Envisat ASAR Ross Sea Demonstration Project
Pablo Clemente-Colón(1) , Towanda Street(1) , Bradley Johnson(2) , Don Atwood(3) , and Ronald Kwok(2)
U.S. National Ice Center,
4251 Suitland Road,
Washington, D.C. 20395,
(2) NASA, GSFC, Greenbelt, MD 20771, United States
(3) ASF, UAF, Fairbanks, AK 99775, United States
An ESA Category-1 project to demonstrate Envisat ASAR acquisitions at the McMurdo station in Antarctica in support of sea ice and iceberg monitoring was undertaken in the spring and early summer of 2005. The demonstration was a collaboration of the U.S. National Ice Center (NIC), the Alaska Satellite Facility (ASF), NASA Goddard Space Flight Center (GSFC), and NASA Jet Propulsion Laboratory (JPL) under the ESA AO for WMO proposal id 2377. After significant upgrades were made to the McMurdo station to allow for the downlink of Envisat data, ASAR Wide Swath observations were acquired for several months over the Ross Sea. The project aimed at studying the applicability of routine ASAR data for sea ice and iceberg tracking in the Ross Sea and the feasibility of RADARSAT Geophysical Processor System (RGPS) approaches using ASAR data if routine observations were made available.

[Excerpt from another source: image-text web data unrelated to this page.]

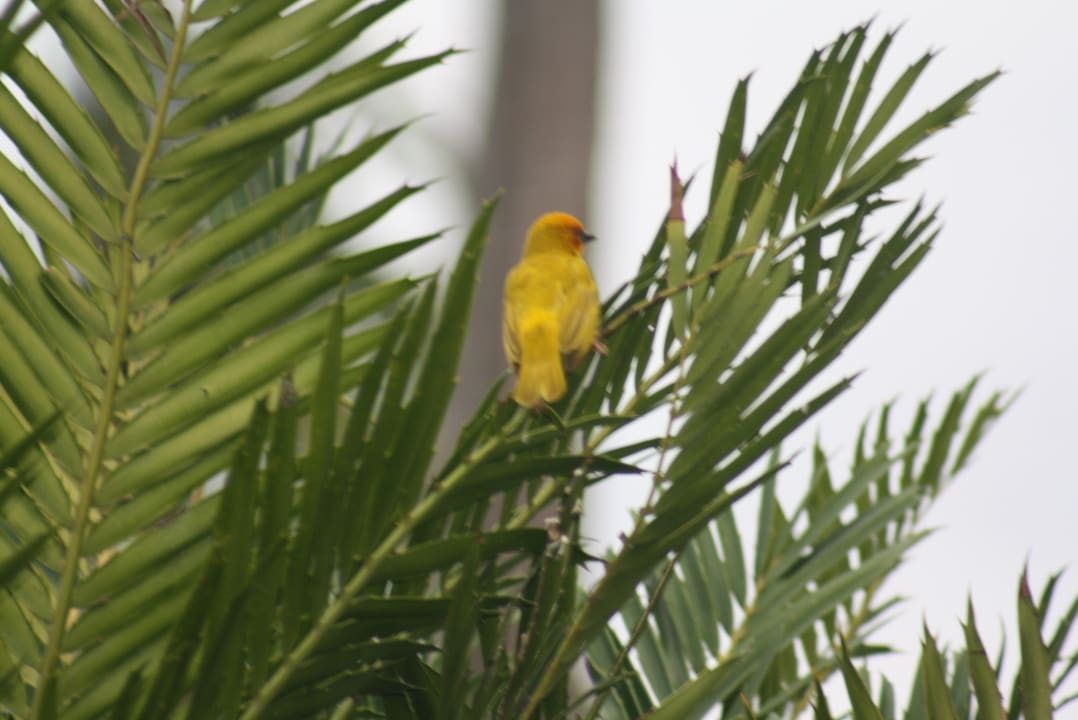 Gartenanlage TUI Blue Bahari Zanzibar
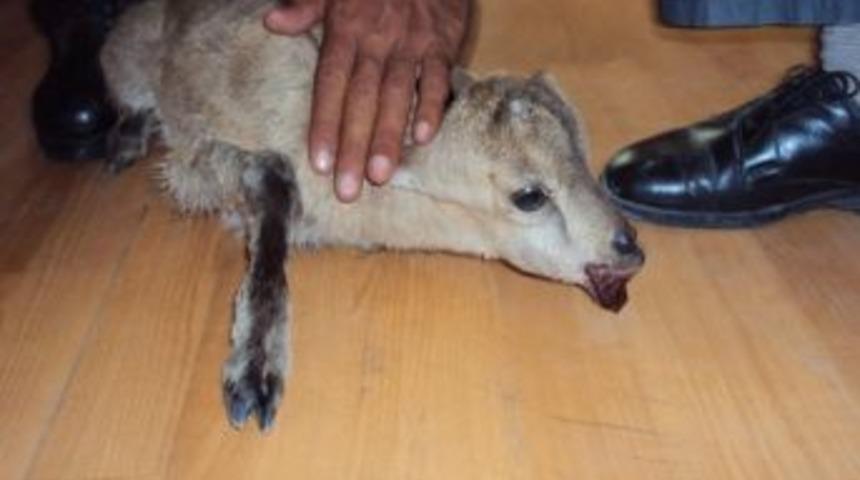 Yaralı Yaban Ke&ccedil;isi Yavrusuna Jandarma Sahip &Ccedil;ıktı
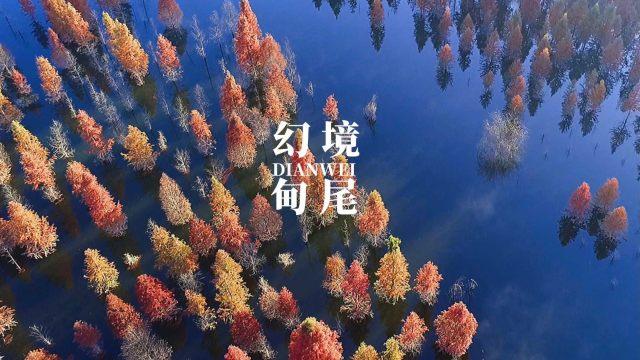 逗小猴开心系列172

During the project period, ASAR data were collected roughly every 35 hours and transmitted to the NASA White Sands ground station in New Mexico via the Tracking and Data Relay Satellite System (TDRSS). From White Sands, the data were then shipped via tapes to ASF for SAR processing using Vexcel processing code. The detected imagery were then sent via ftp to the JPL for RGPS processing and analysis. The effort provided ASAR mosaics and RGPS products from which sea ice dynamics (drift vectors, deformation, etc.), iceberg tracking, and iceberg-sea ice interaction can be in the Ross Sea can be studied. It also demonstrated the capability of McMurdo to routinely acquire Envisat data, a potential pathway for Antarctic data from the satellite to the NIC and users, the capability of ASAR processing at ASF, and the capability for "RGPS" processing using Envisat ASAR data at JPL.